:: AIM OF THE TASK ::
Exact transcription, pictures omitted: reproduce the listing below.

:: DATASET RECORDS ::
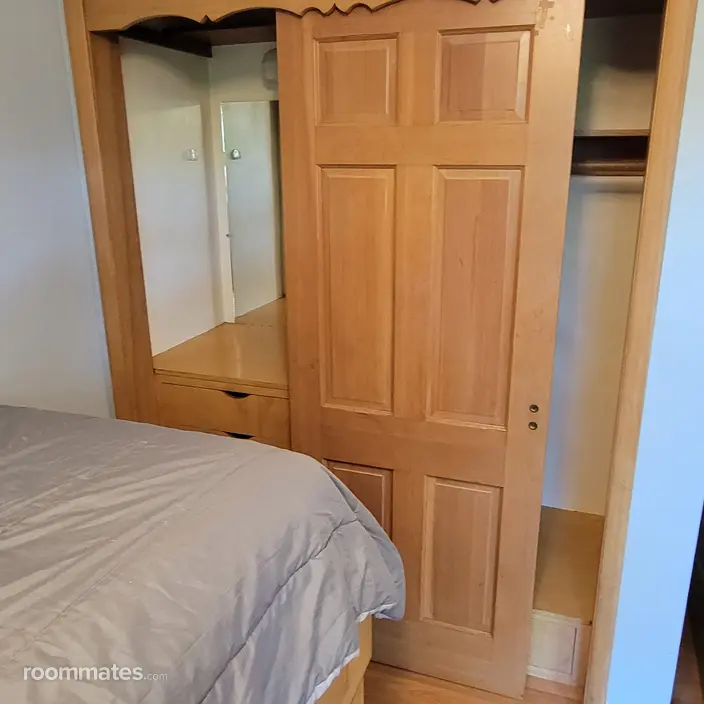Room for rent in Salem, OR $900, house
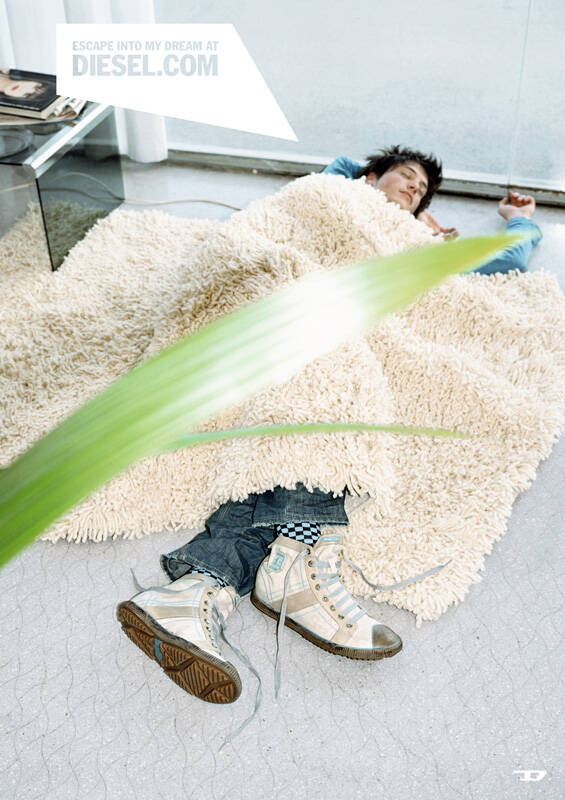 Publicité Diesel - Escape into my dream - Agence KK Outlet - Grande-Bretagne - 2009 - Un homme dort sous un tapis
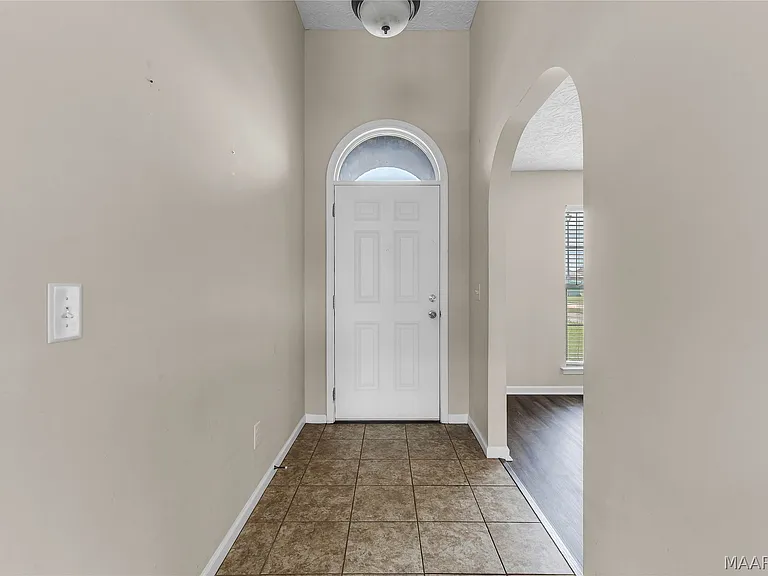 76 Zachary Cir — Photo 5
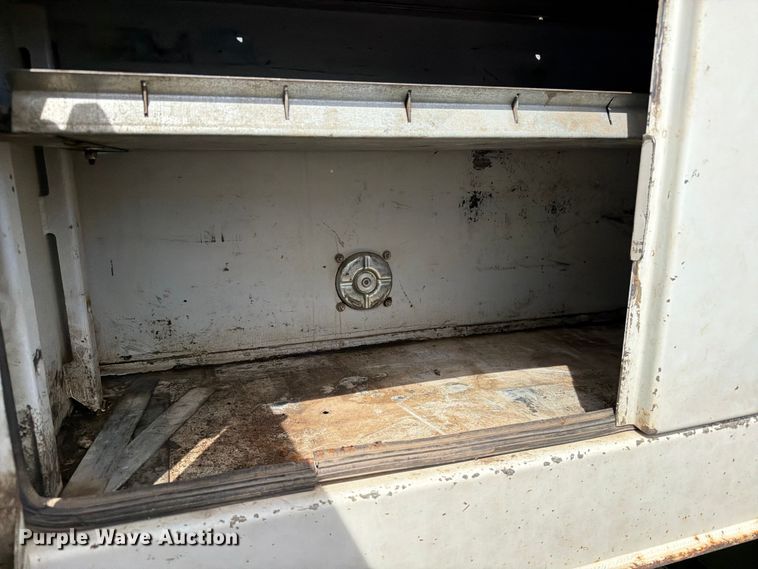 image for item FK0232 2007 International 4200 utility / service truck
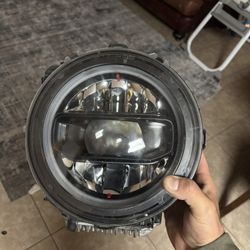 2024 Jeep Oem Headlight 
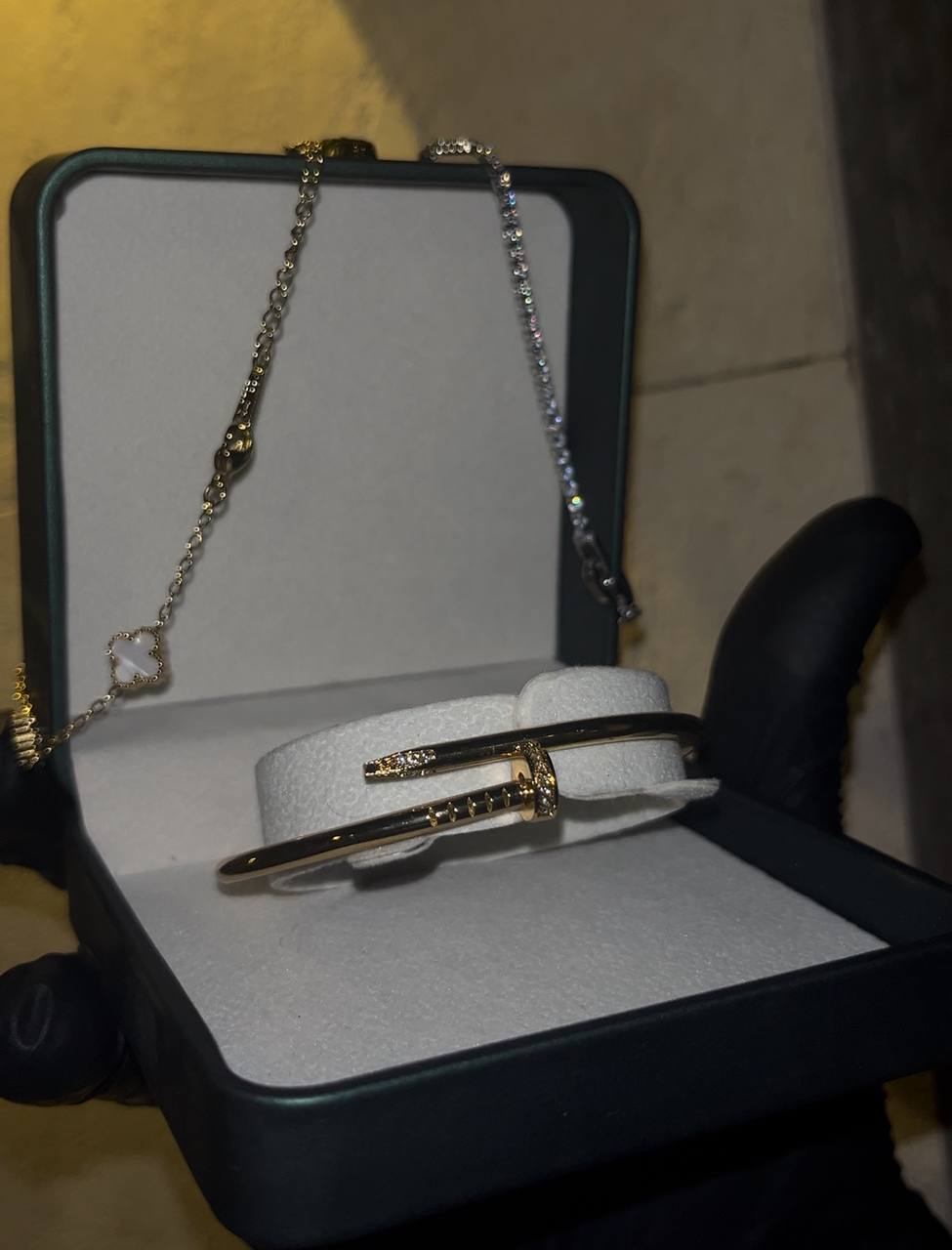 Luxury Shine Trio – 3 Bracelets Offerts à Prix Unique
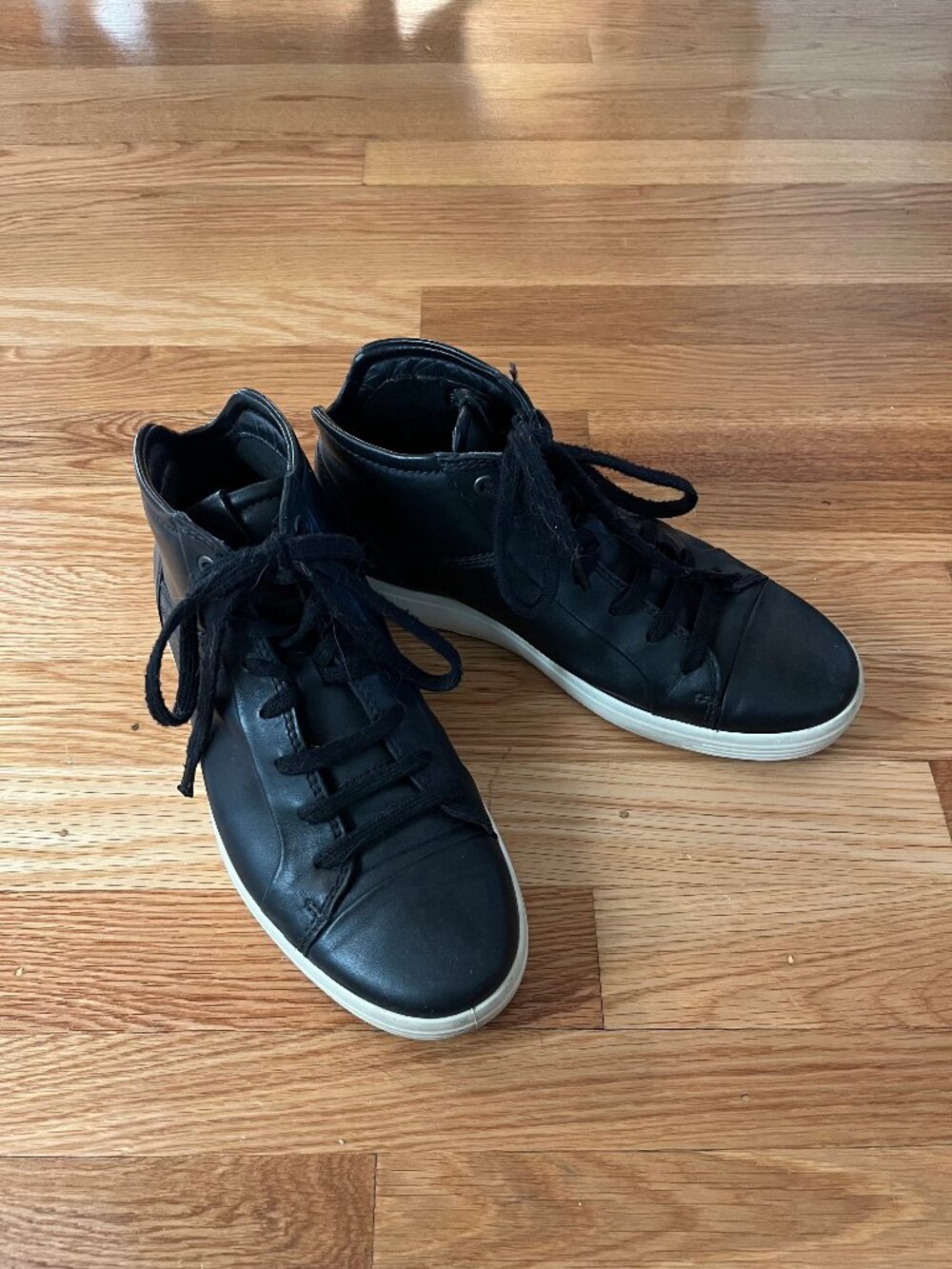Leather Ecco Soft High Tops 39 (US 5 - 5.5)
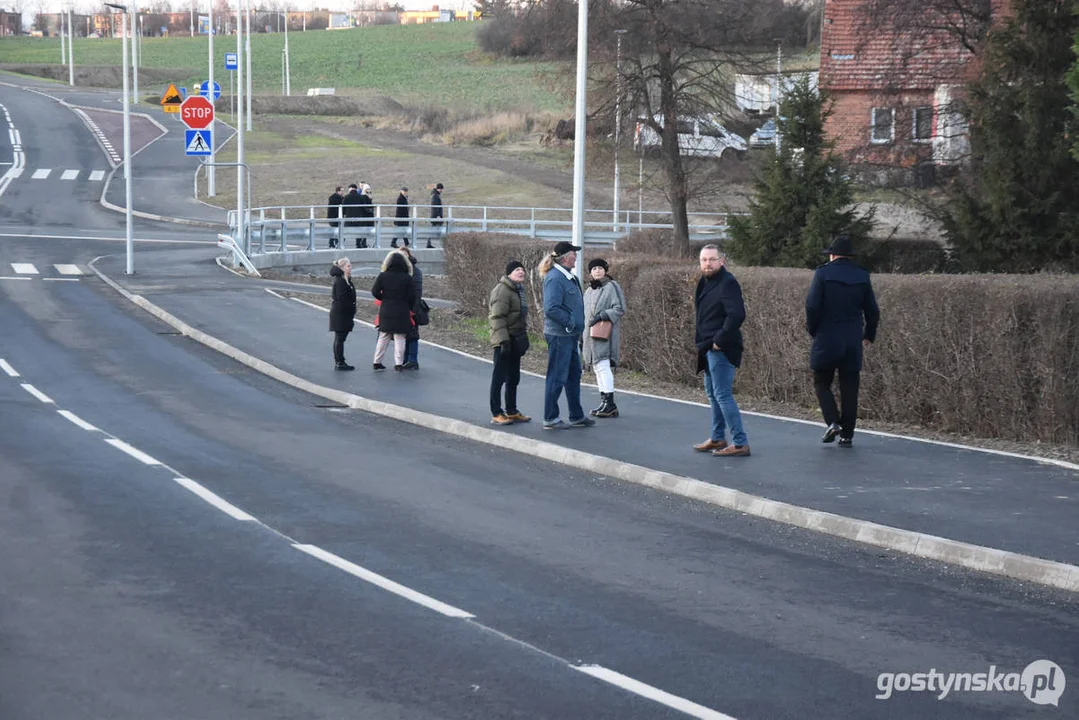 Otwarcie nowej drogi w Gostyniu - spacer samorządowców i mieszkańców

:: RESULT FOR THIS TASK ::
Room for rent in Salem, OR $900, house
 Publicité Diesel - Escape into my dream - Agence KK Outlet - Grande-Bretagne - 2009 - Un homme dort sous un tapis
 76 Zachary Cir — Photo 5
 image for item FK0232 2007 International 4200 utility / service truck
 2024 Jeep Oem Headlight 
 Luxury Shine Trio – 3 Bracelets Offerts à Prix Unique
Leather Ecco Soft High Tops 39 (US 5 - 5.5)
 Otwarcie nowej drogi w Gostyniu - spacer samorządowców i mieszkańców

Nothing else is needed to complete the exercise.